2. In accordance with the group's accounting policies under UK GAAP, expenditure
on research and development programmes is written off as an expense in the year
in which it is incurred. Under IFRS, where the group's research and development
programmes meet the criteria set out in IAS 38, the costs have been capitalised
as an intangible asset. Research and development expenditure capitalised in the
year in accordance with IAS 38 amounts to £1,123,000.

3. Share options granted after 7 November 2002 that have not vested are measured
in accordance with IFRS 2 at their fair value as determined by the Black Scholes
option pricing model. The amortisation charged through the profit and loss
account for the year ended 31 December 2004 amounts to £243,000.

4. In accordance with IFRS 3 the group has ceased to amortise goodwill with
effect from 1 January 2004. The goodwill amortised in the year ended 31 December 
2004 under UK GAAP amounts to £144,000.

Explanation of material adjustments to the cash flow statement for 2004

Material adjustments to the cash flow statement for 2004 as a result of the
transition to IFRS are detailed below:

1. Corporation tax paid of £892,000 is shown as a reduction in net cash from
operating activities under IFRS. Under UK GAAP corporation tax payments are
shown separately on the face of the cash flow statement.

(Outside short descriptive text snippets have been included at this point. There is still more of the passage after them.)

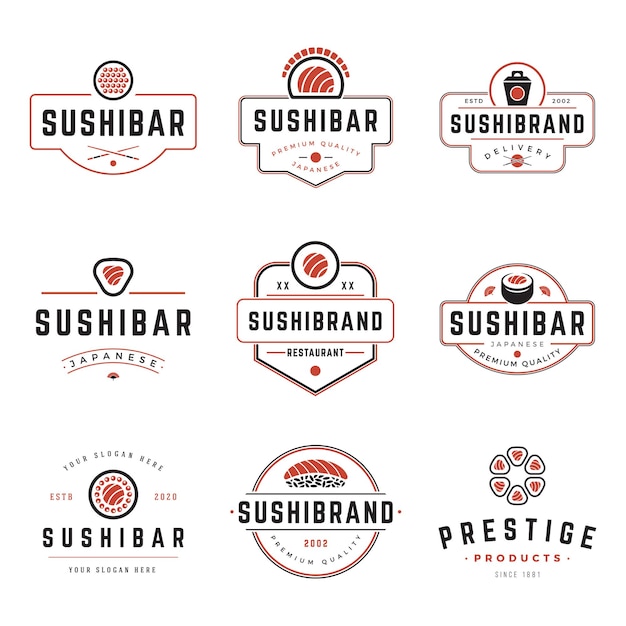 Conjunto de plantillas de diseño de etiquetas e insignias de tienda de sushi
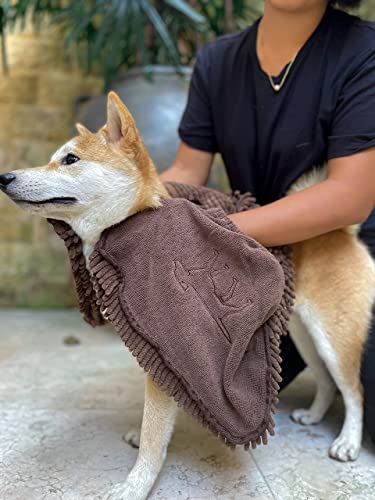 Tuff Pupper Large Dog Shammy Towel | Ultra Absorbent | Durable 35 x 15 Size for Dogs of All Breeds | Quick Drying Chenille Fabric | Designed for Indoor and Outdoor Use | Machine Washable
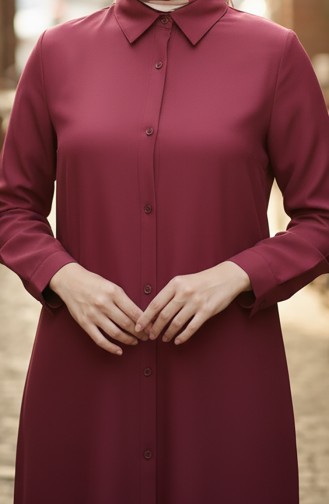 Buttoned Viscose Tunic 6116-03 Claret Red 6116-03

2. The net cash outflow on research and development expenditure of £1,123,000 is
included in the net cash outflow from operating activities under UK GAAP. Under
IFRS this outflow is shown separately on the face of the cash flow statement as
expenditure on product development.

6. Trade receivables

Included within trade and other receivables is an overdue amount of £1.7m in
relation to certain customers in China. The directors have assessed the need for
a further provision against this risk, are actively pursuing these amounts, have
concluded that no further provision is required at present and are of the
opinion that substantially all amounts from these debtors are recoverable. The
auditors will emphasise this matter in their unqualified audit opinion.